Nuance is needed here: local nuance. Translators who can take the intent of the original content, preserve the accuracy of the information and then add localized zing that will resonate in the target language. An English-only site won’t do it. And even in countries where English is dominant, many people still want content that speaks to them in their mother tongue. (Examples include US-Hispanic consumers, or the 2.3B Indians who speak one of 14 different dialects.) Just because your audience can speak English, it doesn’t follow that they want to.

Potential customers in international markets are more likely to be searching in their local language and not in English, so even if they’re comfortable purchasing from you in English, they might not find your site if they’re searching in their local language.

So, think not just about how international customers can engage with your content, but also how they’ll find you in the first place. Conducting localized keyword research will help enormously, but it’s also important for translation agencies to identify completely new words that work locally.

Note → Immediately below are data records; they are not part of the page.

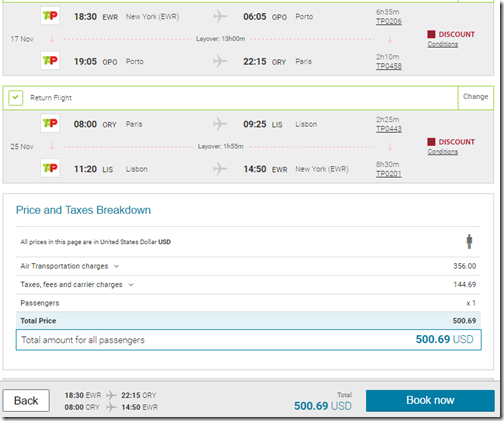 EWR-ORY $501 TP Nov17-25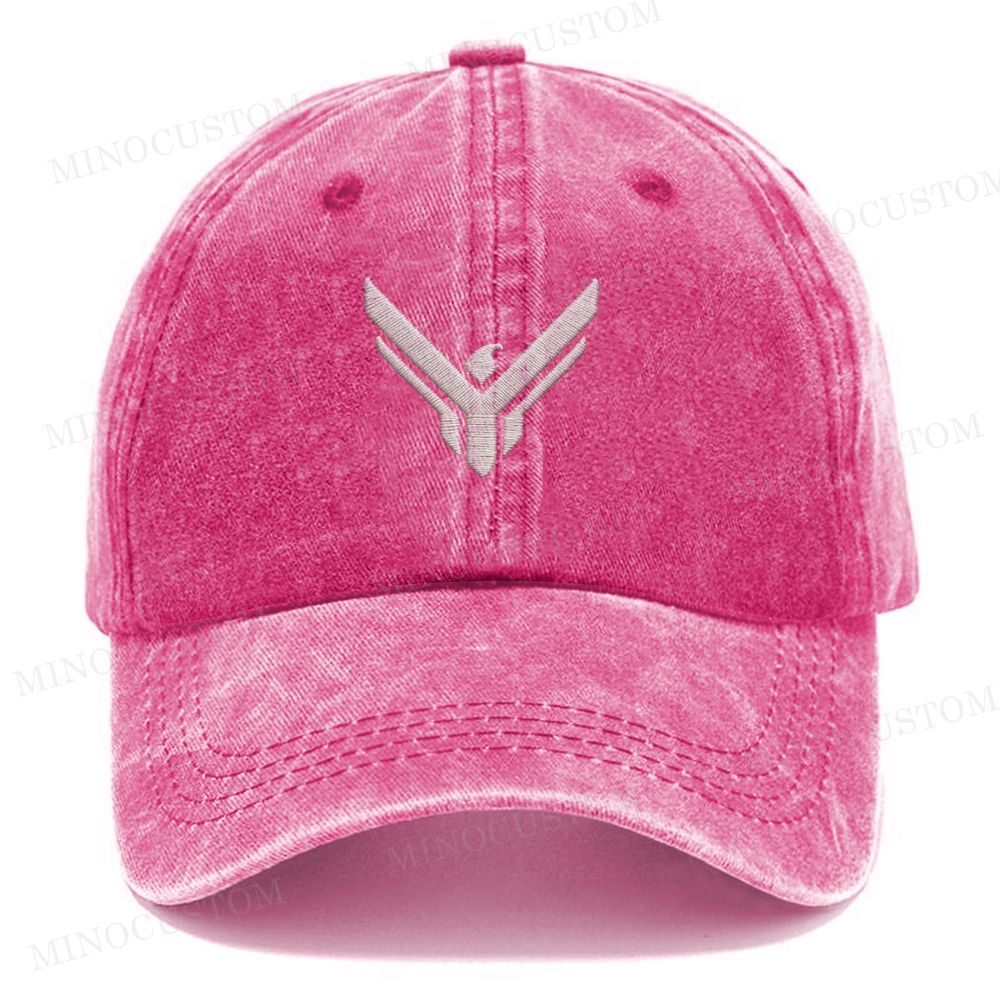 Embroidered Retro Sci-Fi  Washed Cap 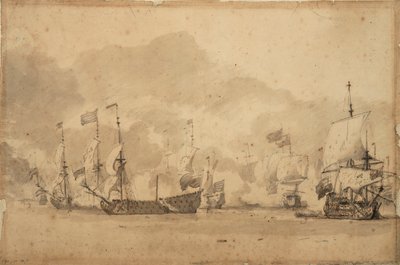 La bataille de Texel (Kijkduijn) 11-21 août 1673, c.1673 - Willem van de Velde the Younger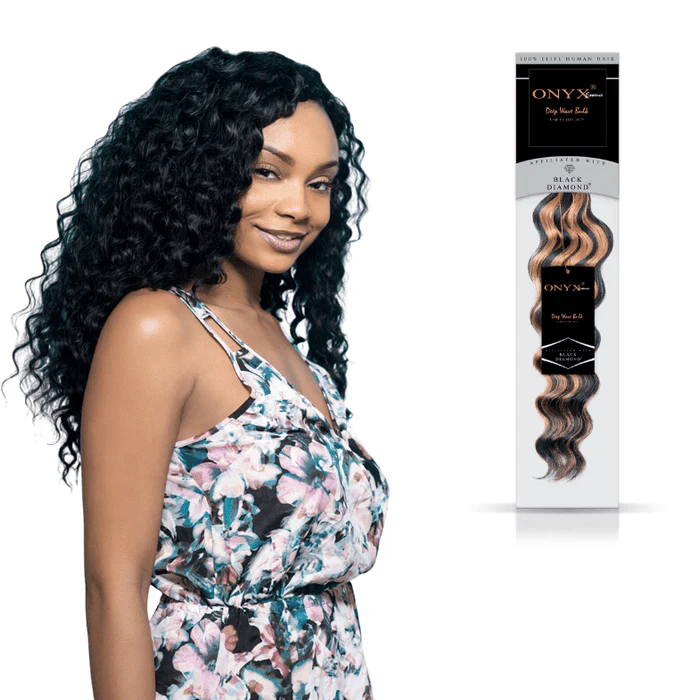 Onyx Essence 100% Human Hair Braiding - DEEP WAVE BULK 18" - Image 2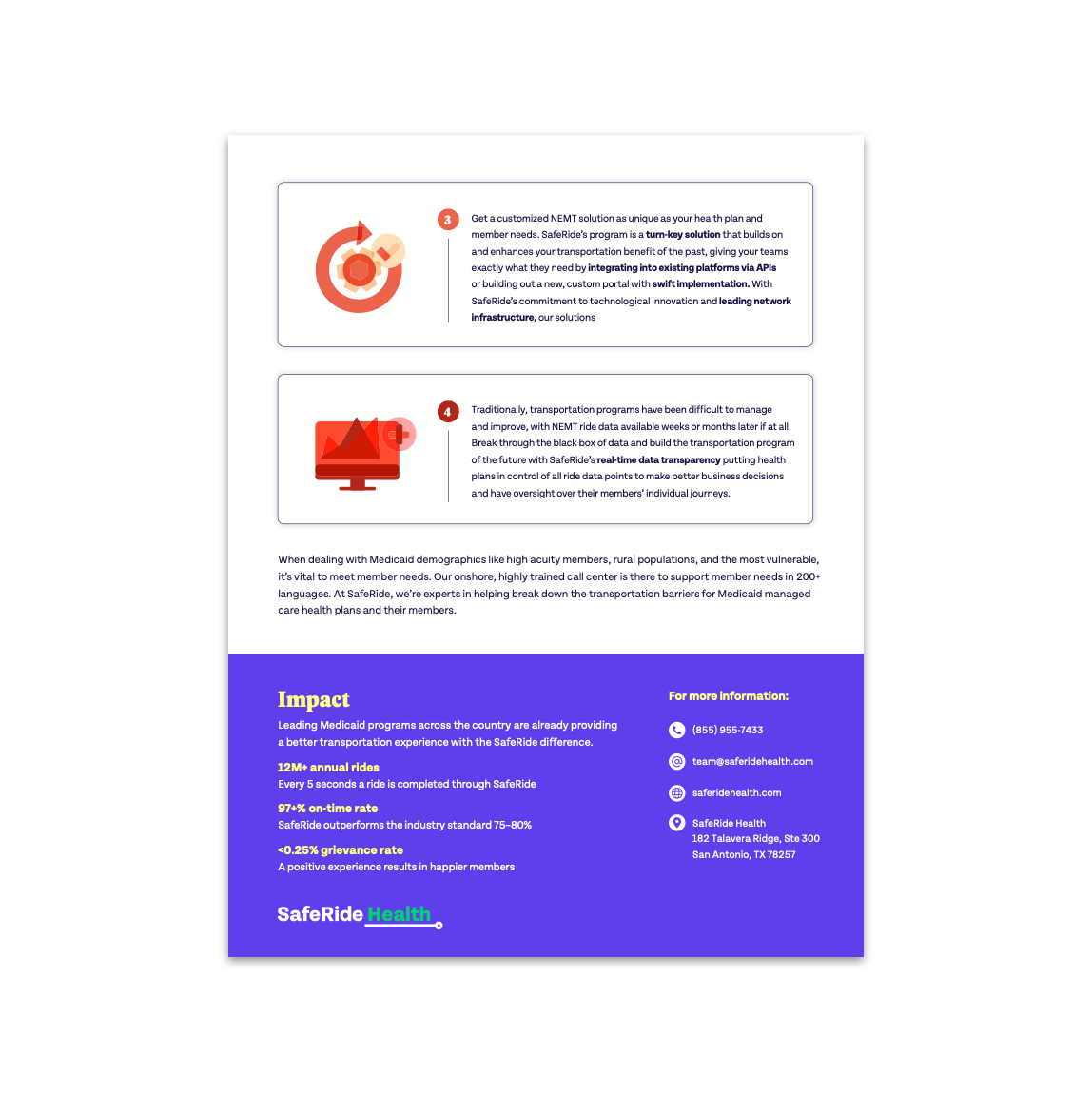 SafeRide Health Events Flyer (Technology-Powered Transportation)
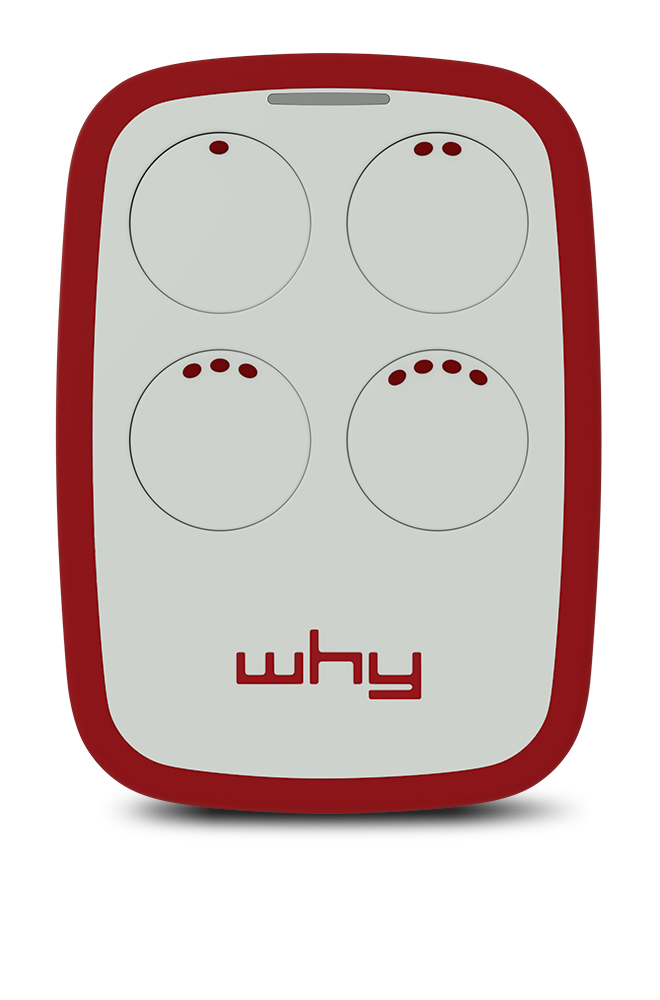 vysielač WHY EVO, univerzálny pre 433 MHz a 866 MHz: auto-programovateľný pre rôzne značky až 4 rozdielne ovládače v 1, pevný aj plávajúci kód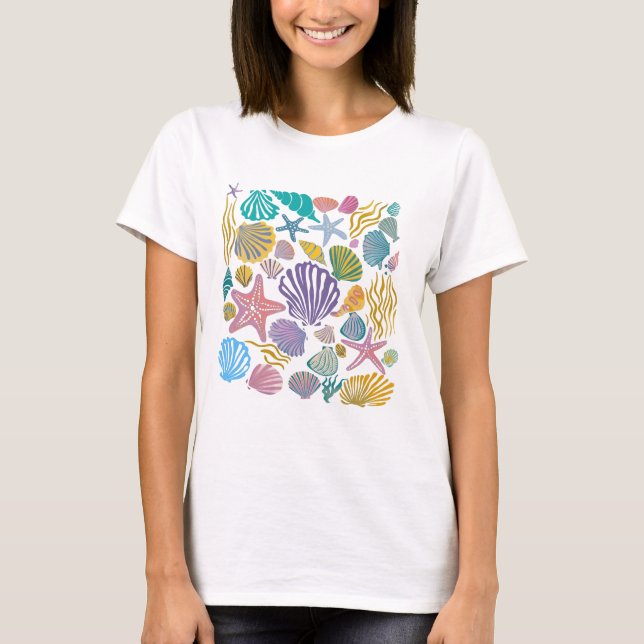 Vintage Seashells  T-Shirt (Vorderseite)
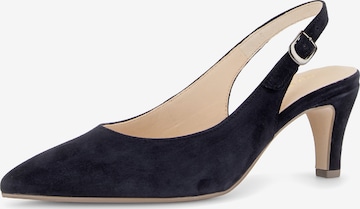 GABOR Slingback Pumps in Blue: front
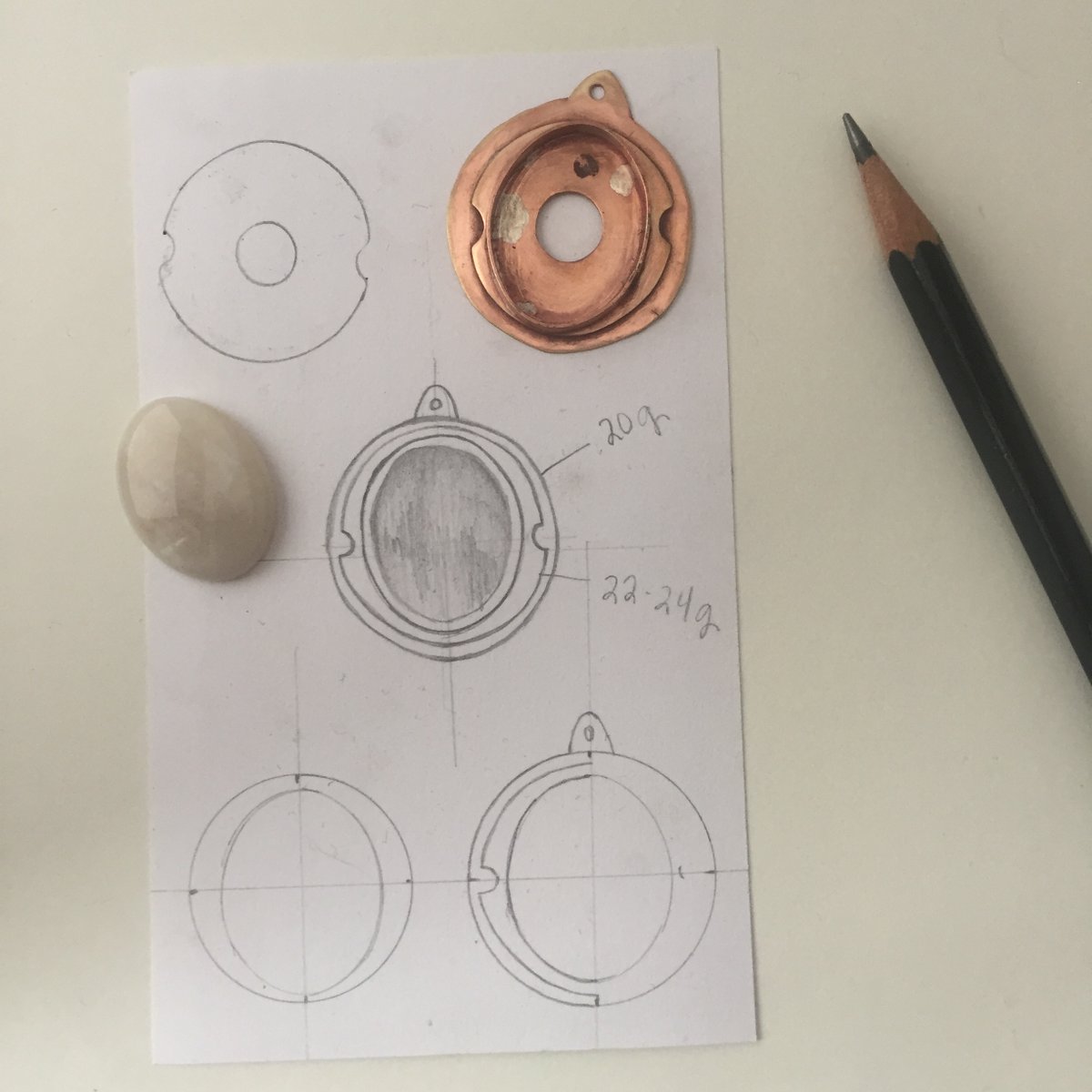hammer_heart_'s tweet photo. When I draw a design it can look great on paper, but working through the steps and seeing it can sometimes change it. Sometimes it turns out completely different than the sketch! #tuesdaytalk #creativebusiness https://t.co/TTl7FpRliN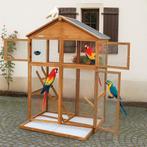 Volière | Vogelkooi | Vogelhok | 115x58x164cm | Bruin | Hout, Verzenden, Nieuw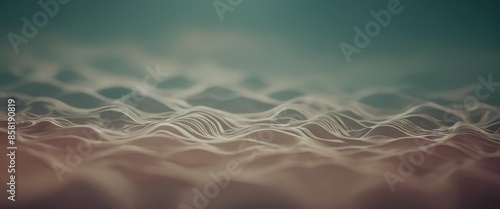 Organic flowing geometric patterns on a canvas textured photo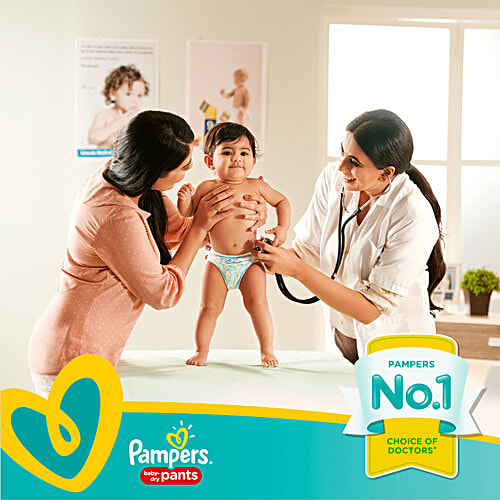 Pampers  New Diapers Pants, Large, 11 Count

Something else to consider is that with the rise of voice search, users are asking longer questions instead of typing in short keywords. (“Alexa, find me a decent pair of hiking boots for under $100.”)  Translation agencies using local resources will help identify those ‘strings’ and be able to customize content for the local audience.

Up until quite recently, the costs of doing this were sometimes difficult to justify. But those barriers are now being shattered by the efficiencies of scale enabled by cloud-based platforms and translator productivity improvements enabled by machine translation. We can do a lot more, for a lot less.

2. “Do as the Romans do…”

Show your audience that you ‘get’ them on a local level.

We mentioned US-Hispanic earlier.  If you’re creating content for that audience, are you using the right Hispanic?  It’s not the same as Latin-American Spanish or Castilian Spanish.  Similarly, if you’re targeting an audience in Montreal, are you using Canadian-French or European French?  It may seem relatively trivial: the reader can still understand, after all. But now you have an opportunity to make them feel valued AND create effective SEO.

Optimizing voiceover translations, sub-titles and multimedia file structure is also important here; as are animations and imagery. Your translation agency will understand how to parse these elements to be effective locally: they understand that a simple copy/paste is not going to cut the metaphorical mustard…

Finally, don’t forget the Googles, Bings and Baidu’s of the interwebs. What search engines are being used in your target locale? China, Russia, eastern Europe and Korea all require extra attention to make your optimization efforts successful.

3. Build it strong!

It’s often a surprise to learn that hosting companies are often unprepared for a sudden surge in users from multiple locales. You may need to acquire country-specific top-level domains (ccTLD) for each new locale you target or create subdomains and directories for each new location and language. Engage a translation partner that understands the intricacies of your needs. There is no one-size-fits all solution!

And it may seem obvious, but will your sites work in every region? Links need to work; pages need to load quickly. Your translation team will want a good working relationship with the IT teams to address issues as they arise.

In conclusion: international SEO is essential for global success, and there are a lot of moving parts!  But these fundamentals: Do as the Romans do and build it right, will help you enormously. So will the right translation partner.